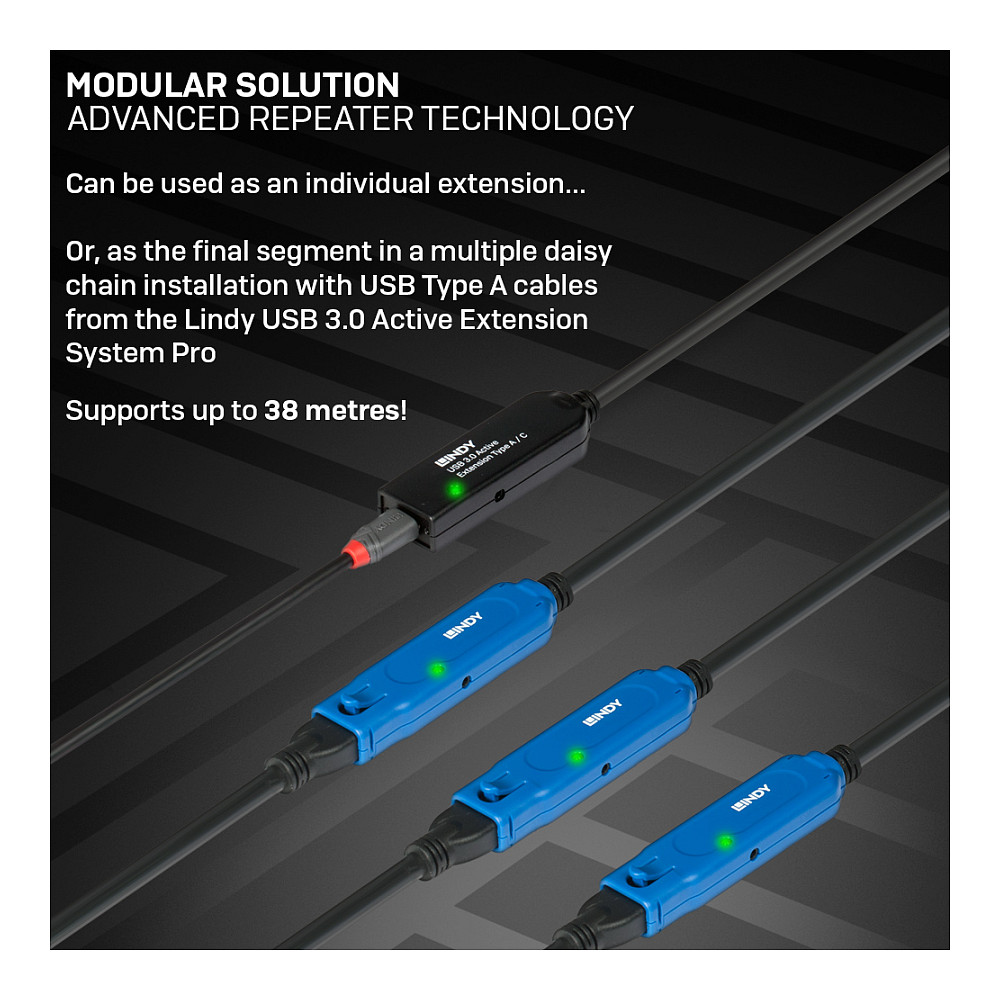 Aktivni produžni kabel LINDY USB 3.2 Gen 1 20m (USB-A na USB-C)-9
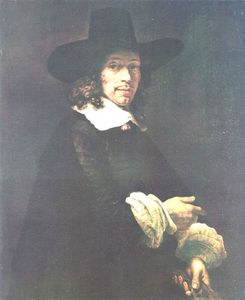 Rembrandt Van Rijn - Portrait of a Gentleman with a Tall Hat and Gloves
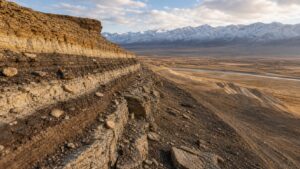 Layered timeline of Earth's climate history showing greenhouse periods, ice ages, stable Holocene climate, and industrial-era warming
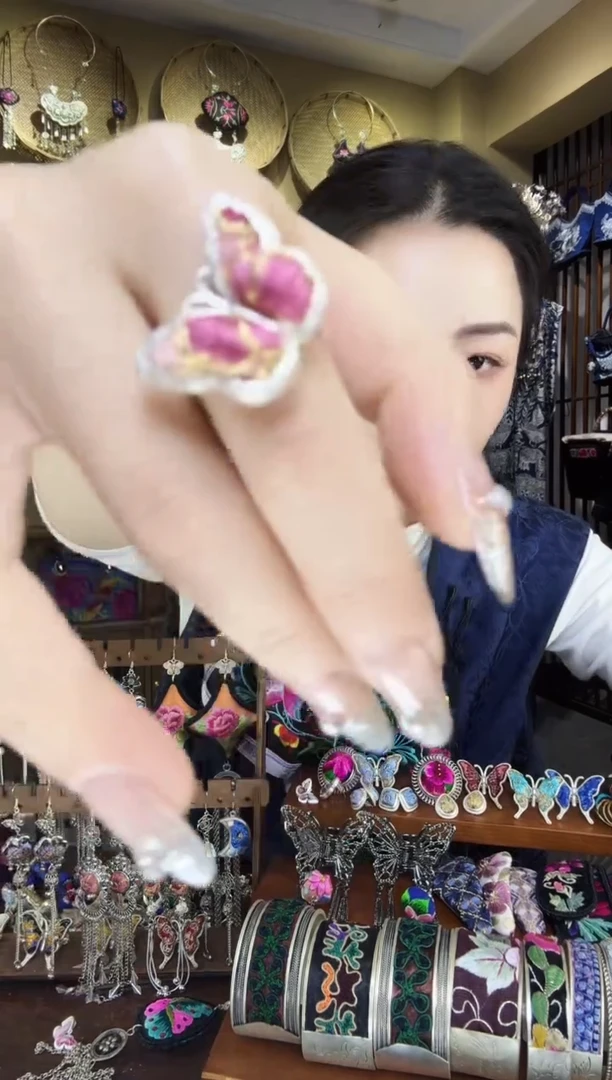 刺绣非遗刺绣民族风戒指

• _TASK INSTRUCTIONS_
In the printed copy, the material above must appear unchanged and without its pictures.

• _OUTPUT BELOW_
 Aktivni produžni kabel LINDY USB 3.2 Gen 1 20m (USB-A na USB-C)-9
 Rembrandt Van Rijn - Portrait of a Gentleman with a Tall Hat and Gloves
 Layered timeline of Earth's climate history showing greenhouse periods, ice ages, stable Holocene climate, and industrial-era warming
 刺绣非遗刺绣民族风戒指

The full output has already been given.